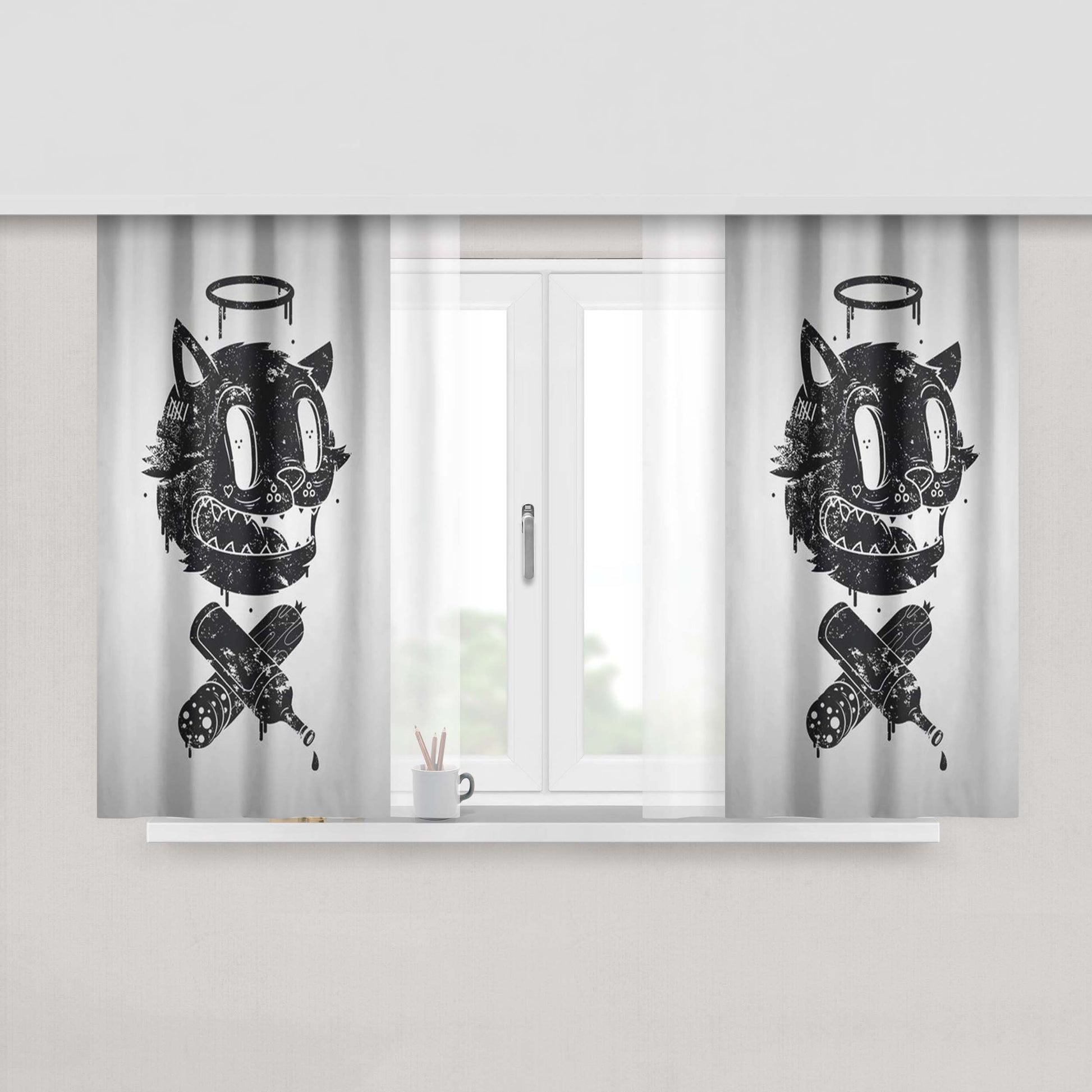 Cat Doddle Art Peach Skin Window Curtains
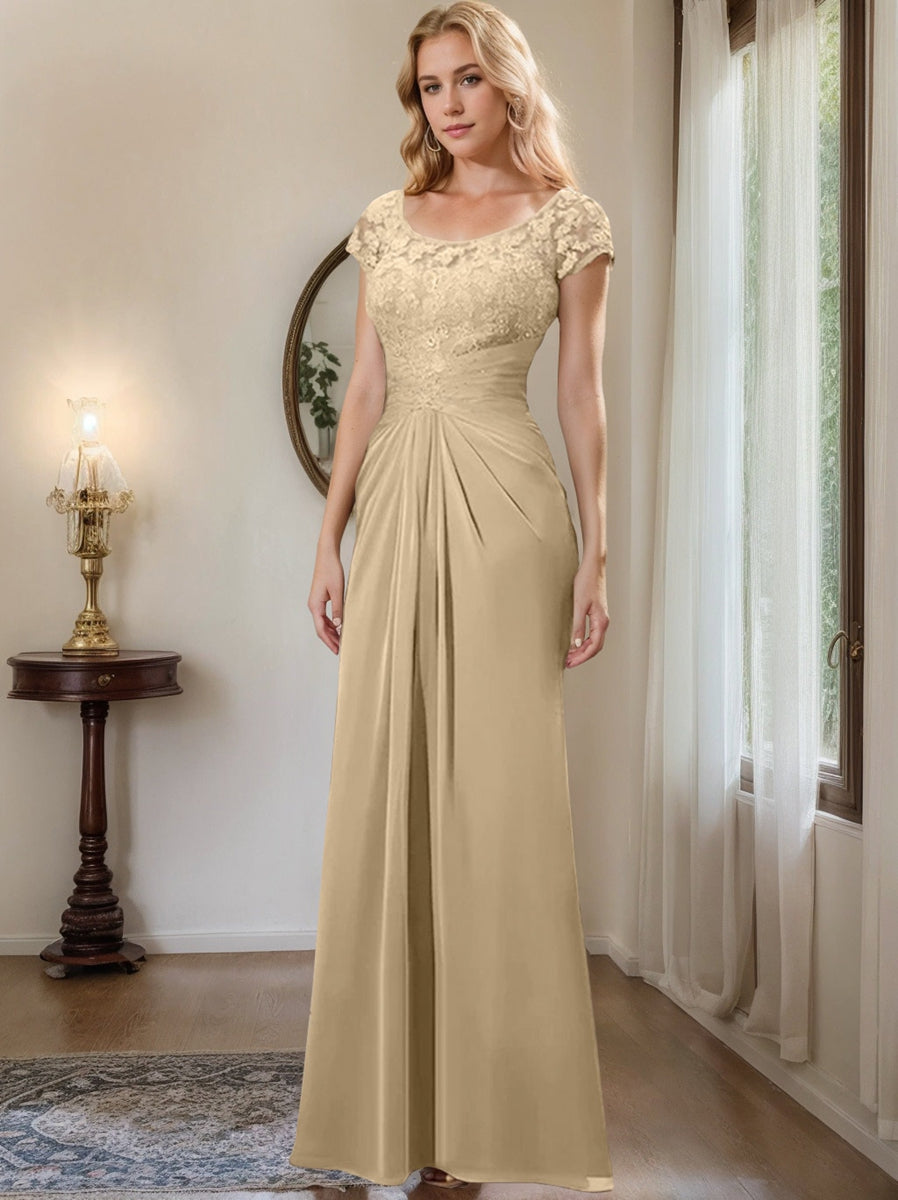 Long Chiffon Mother of the Bride Dress with Lace Ruffle and Sheath Column Scoop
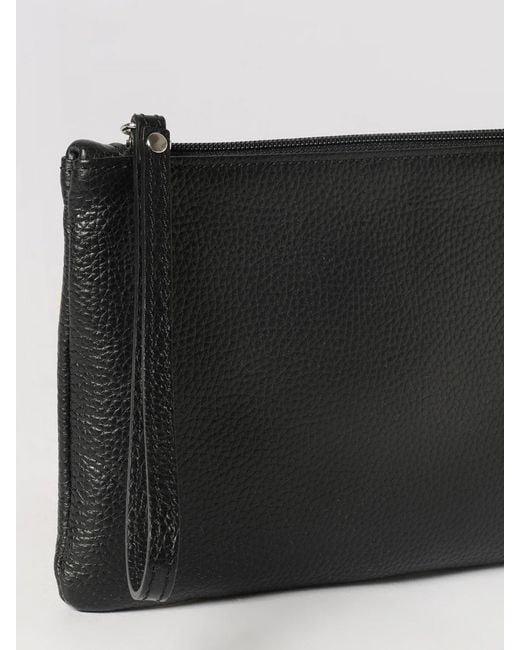 Skytos Black Nata Mini Hammered Leather Pouch With Wrist Strap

**TASK DIRECTIONS**: I would like you to set down the lines above, from the one containing "Long Chiffon Mother" to the final line, exactly as written and without pictures.

**RESPONSE**:
 Long Chiffon Mother of the Bride Dress with Lace Ruffle and Sheath Column Scoop
 Skytos Black Nata Mini Hammered Leather Pouch With Wrist Strap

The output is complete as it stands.